WORK ITEM – Leaving the pictures aside, repeat the entries exactly.

STUDY MATERIAL –
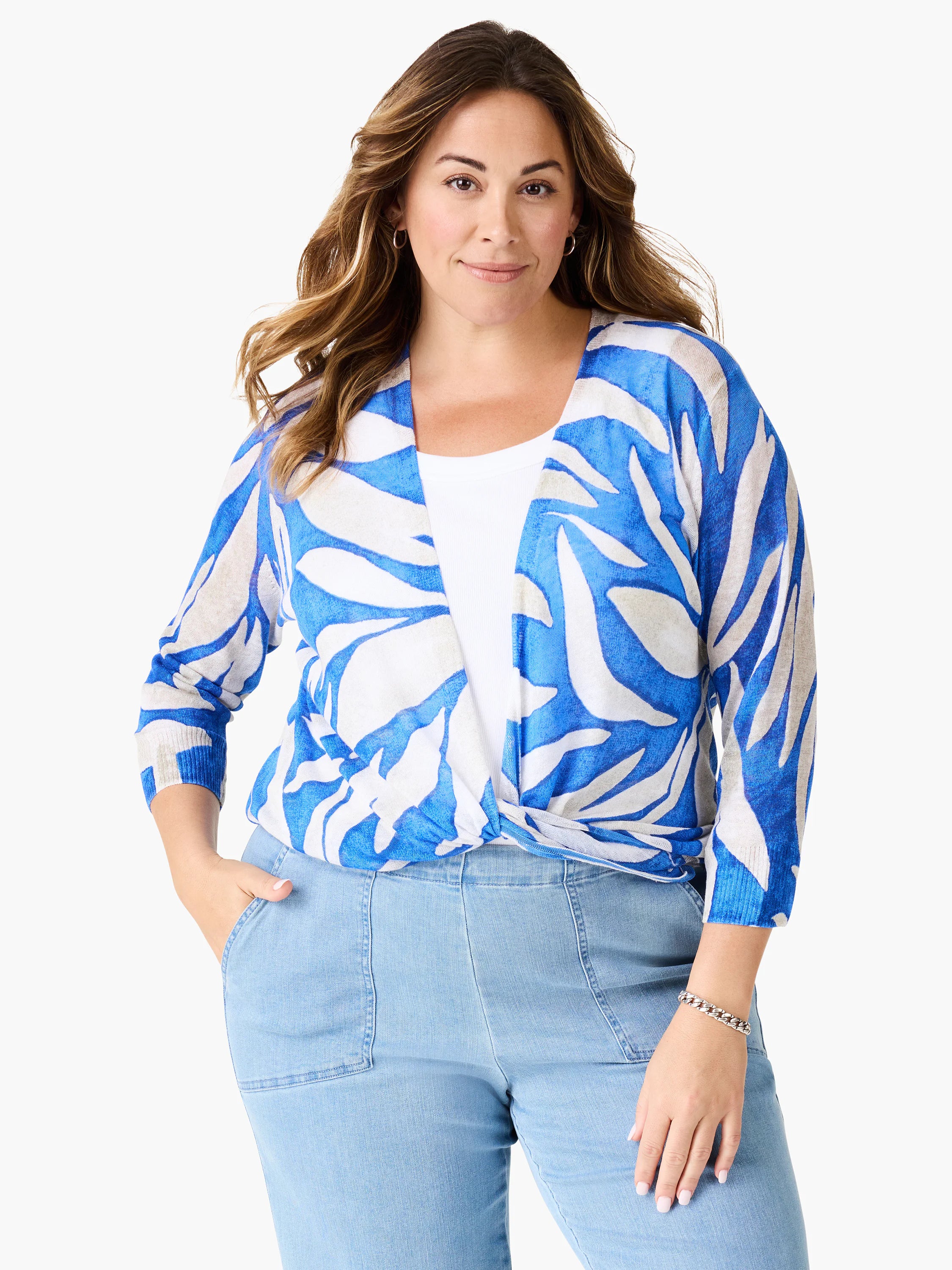 Blue and off-white organic pattern open cardigan, tied at waist with 3/4 sleeves.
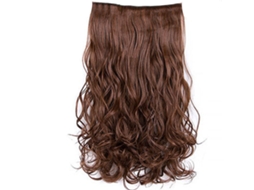 2026 extensão de Cabelo Ondulado Cacheado Mate Sintético 23,6 Polegadas com 6 Clips para Mulher Cor Marrom Claro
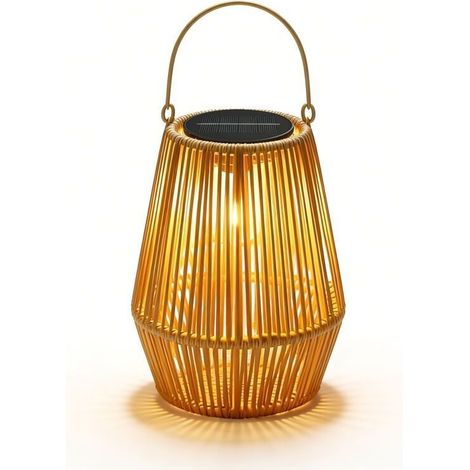 Böhmische Solarlaterne – Tragbare LED-Laterne im Rattan-Design für Garten, Terrasse, Hof, Pavillon und als Innen-/Außendekoration
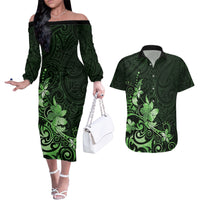 Matariki New Zealand Couples Matching Off The Shoulder Long Sleeve Dress and Hawaiian Shirt Maori Pattern Green Galaxy LT05 Green - Polynesian Pride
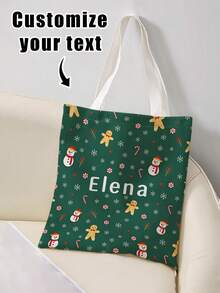 1pc Christmas Custom Canvas Tote Bag,Personalize With Your Name /Text,Large Lightweight Stylish Carryall For Travel Party Daily Shopping,Perfect Gift - Multicolor - View 2
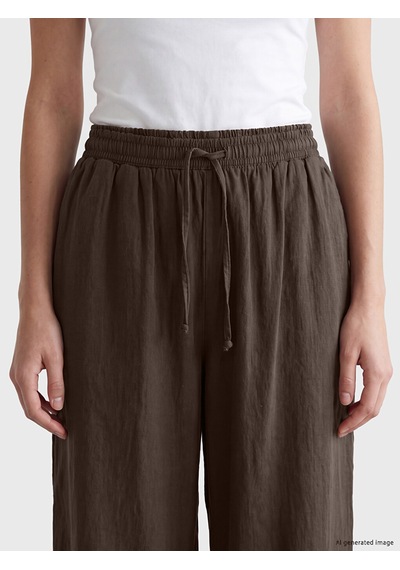Lcw Modest Kahverengi Beli Lastikli Kadın Geniş Paça Pantolon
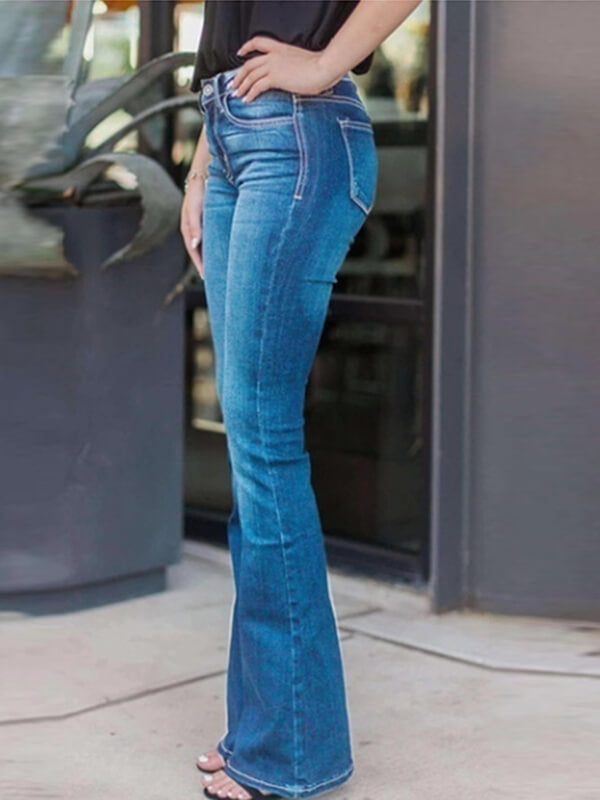 Airchics longue jeans flare évasé boutons avec poches mi taille femme mode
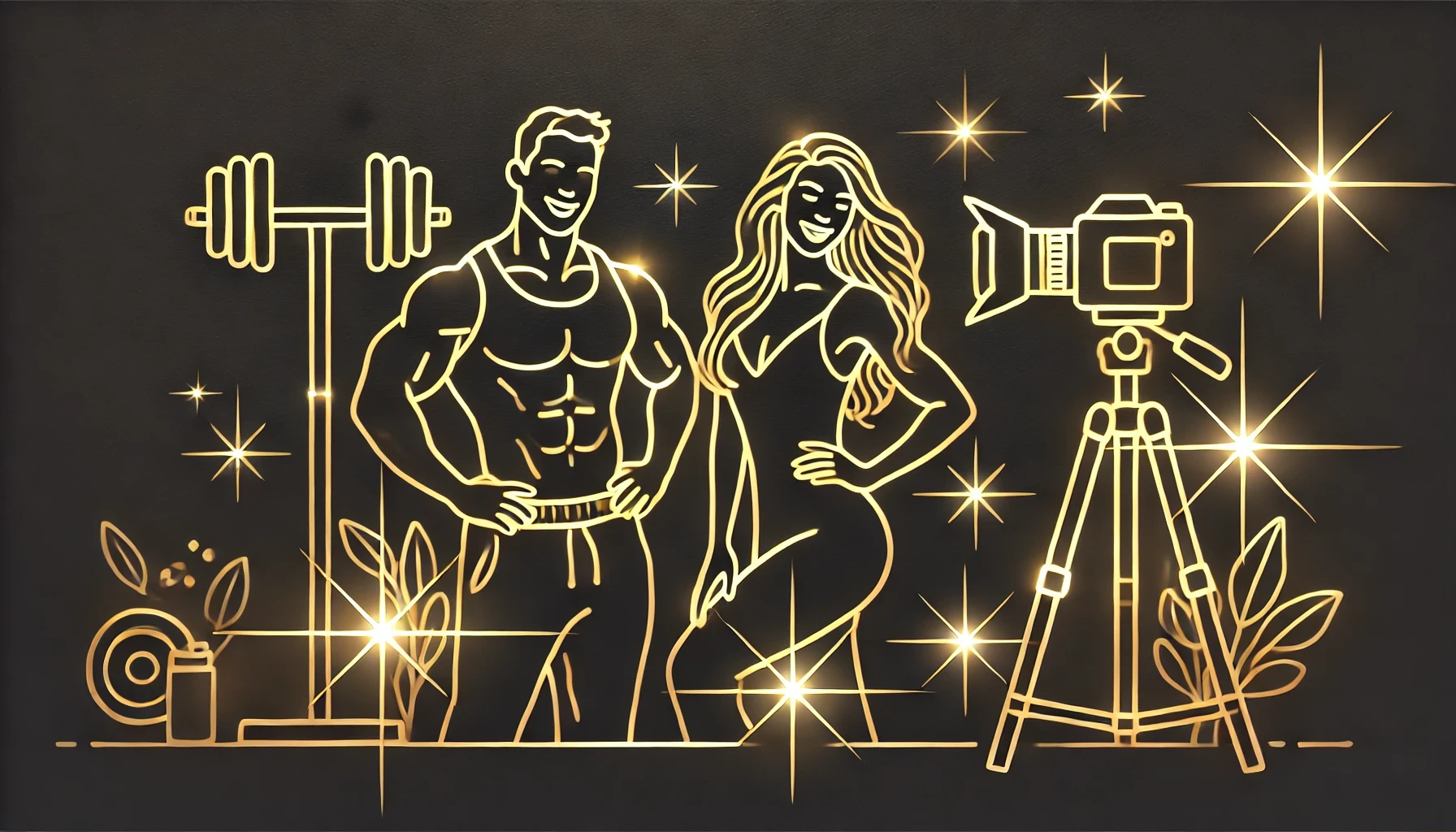GYM CONQUER ジム筋華のSelf Photo Studio 90 - 黒を基調に金と白で描かれた筋肉質な男性と女性がカメラの前でポーズを取るイラスト。照明機材とカメラが設置され、背景に星やキラキラしたデザイン、左側にバーベルと植物が描かれたセルフフォトスタジオの90分利用を強調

SOLVED PROBLEM –
 Blue and off-white organic pattern open cardigan, tied at waist with 3/4 sleeves.
 2026 extensão de Cabelo Ondulado Cacheado Mate Sintético 23,6 Polegadas com 6 Clips para Mulher Cor Marrom Claro
 Böhmische Solarlaterne – Tragbare LED-Laterne im Rattan-Design für Garten, Terrasse, Hof, Pavillon und als Innen-/Außendekoration
 Matariki New Zealand Couples Matching Off The Shoulder Long Sleeve Dress and Hawaiian Shirt Maori Pattern Green Galaxy LT05 Green - Polynesian Pride
 1pc Christmas Custom Canvas Tote Bag,Personalize With Your Name /Text,Large Lightweight Stylish Carryall For Travel Party Daily Shopping,Perfect Gift - Multicolor - View 2
Lcw Modest Kahverengi Beli Lastikli Kadın Geniş Paça Pantolon
 Airchics longue jeans flare évasé boutons avec poches mi taille femme mode
GYM CONQUER ジム筋華のSelf Photo Studio 90 - 黒を基調に金と白で描かれた筋肉質な男性と女性がカメラの前でポーズを取るイラスト。照明機材とカメラが設置され、背景に星やキラキラしたデザイン、左側にバーベルと植物が描かれたセルフフォトスタジオの90分利用を強調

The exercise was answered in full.